I used Alice Medrich's Genius Coconut Macaroons as my starting point, beginning with an even mix of sweetened shredded coconut and Cracklin' Oat Bran. I threw in some dried tart cherries and cinnamon for some extra pizzazz. Give them a try—I don't think you'll be disappointed!
hardlikearmour

Food52 Review: WHO: Hardlikearmour is a veterinarian with a serious sweet tooth.
WHAT: A chewy, golden cookie-macaroon hybrid.
HOW: Add a kick to traditional macaroons with Cracklin' Oat Bran, cinnamon, and dried tart cherries. Bake them into golden brown nests, then have them for dessert or breakfast (they have cereal in them, after all).
WHY WE LOVE IT: Who would've thought that Cracklin' Oat Bran would be so good in a macaroon? Oh right, everyone. The coconut provides a chewy but crunchy base for the tart cherries, and the nutty cereal make it a just-sweet-enough dessert.
The Editors

Makes 20 or so cookies

  • 4 large egg whites
  • 1/2 cup granulated sugar
  • 1 1/2 teaspoons vanilla extract or paste
  • 1/4 teaspoon cinnamon
  • 1 pinch salt
  • 1 1/2 cups sweetened shredded coconut
  • 1 1/2 cups Cracklin' Oat Bran cereal
  • 1/3 cup dried tart cherries, coarsely chopped
  1. Combine egg whites, sugar, vanilla, cinnamon, and salt in a large stainless steel bowl. Whisk together, then add the remaining ingredients (shredded coconut, Cracklin' Oat Bran, and dried cherries).

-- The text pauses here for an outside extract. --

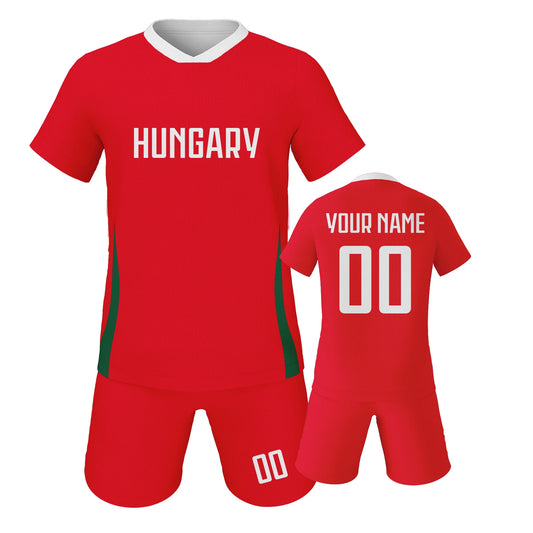 Custom Hungary Kids Football Jersey Kit Personalized Soccer Uniform with Name and Number Print Youth Training Set Tracksuit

Set aside.
  2. Fill a large skillet with about 1/2 inch of water. Bring to a low simmer then rest the entire bowl in the skillet over the water. Stir and scrape the mixture inside the bowl using a Silicone spatula, until the cereal is soft and mostly broken up, about 6 minutes. Remove the bowl from the skillet and let the mixture rest for about 30 minutes.
  3. Place oven racks in the middle and lower positions, then preheat the oven to 350º F. Line 2 baking sheets with parchment or Silicone liners.
  4. After the batter has rested, stir it to make sure the ingredients are evenly distributed. Use 2 tablespoons (the kind you eat with) to transfer the batter onto the baking sheets in 1 1/2 to 2 tablespoon dollops. To do this, use one spoon to scoop the batter from the bowl, and the second spoon to scrape the batter onto the baking sheet. The dollops should be spaced evenly, with 10 to 11 macaroons per baking sheet.
  5. Reduce oven heat to 325º F and place the sheet pans in the oven. Bake for 12 to 15 minutes, rotating the pans from top to bottom and from front to back after 6 to 7 minutes. Once done, the bottom of the cookies should be evenly browned and the tops should be golden and lightly browned. Monitor the cookies and reduce the oven heat if needed to prevent burning.
  6. Transfer the pans to wire racks to cool fully before removing the cookies. The cookies are at their best the first day and will lose crispness after that. But if you have to eat them the next day, store them in a tightly sealed container.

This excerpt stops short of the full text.